Теперь и Кольцов увидел в лице девочки что-то знакомое. Нет, он сам вряд ли смог бы узнать Катю. Тогда, теплой осенью, она была тощенькая, воздушная. Сейчас же перед ним стоял, закутанный в ватные одежды и повязанный толстым шерстяным платком, эдакий большеглазый колобок и настойчиво его рассматривал. Лицо девочки постепенно озарялось робкой улыбкой.
– Папка? – несмело спросила девочка, все еще сомневаясь, не ошибается ли. И, бросив на снег хворост, она совсем близко подошла к Кольцову и вновь, теперь уже настойчиво, спросила: – Вы правда папка?
Поначалу растерявшийся Кольцов подхватил девочку на руки, стал ее целовать и, сглаживая первоначальную неловкость, сквозь сдавивший горло спазм, приговаривал:
– А я, понимаешь, не сразу узнал… Все ищу, ищу глазами, а ты… ты, понимаешь, такая закутанная… Ах ты, мой воробышек!
Катя тоже прижималась к нему, все пыталась обнять его за шею, но толстые одежки мешали ей.
Павло Заболотный, поняв, что он сейчас здесь лишний, незаметно отошел в сторону.

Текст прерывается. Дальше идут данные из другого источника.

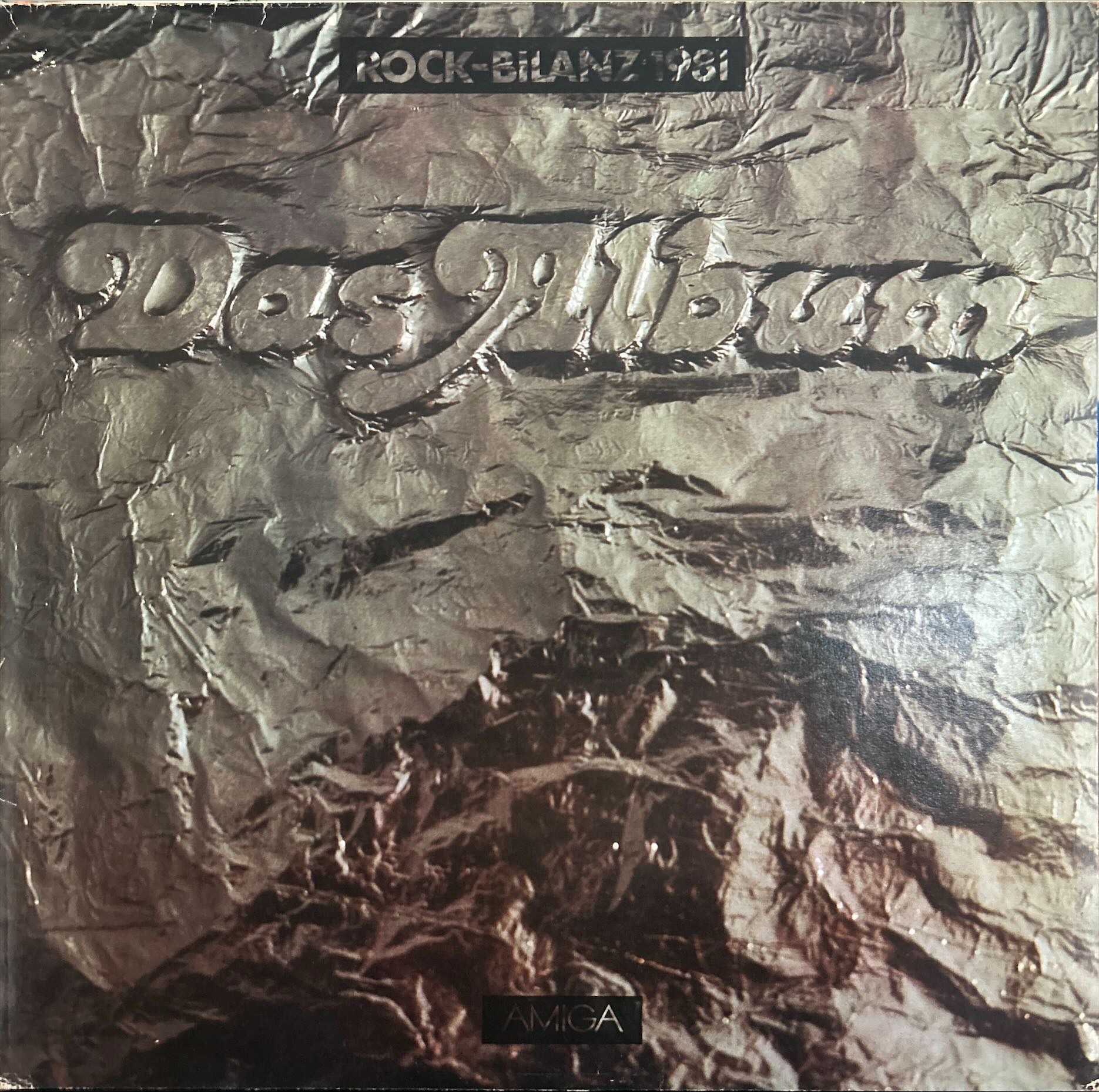 Various - Album, Das - Rock-Bilanz 1981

Потом Павел почувствовал, как кто-то обхватил его за талию, и увидел подле себя Колю.
– А мы вас ждали, – торопливо заговорил он. – Мы каждый день вас ждали. А вы все не приходили.
– Я пока ненадолго, – почему-то стал растерянно оправдываться Павел. – Но я скоро вернусь. Мне только надо… надо поскорее закончить войну. И я тут же. Я вас не забываю. Никогда. Ни на день.
Затем Павел опустил Катю на снег, взял их обоих за руки и сказал:
– Ну, ведите!.. Показывайте, что у вас тут?
Они повели его по протоптанной в первом робком снегу дорожке, свернули к сараю.
– Это – коровкин домик, – пояснила Катя. – Здесь «Маркиза» живет. А еще у нее есть дочка, «Маруся».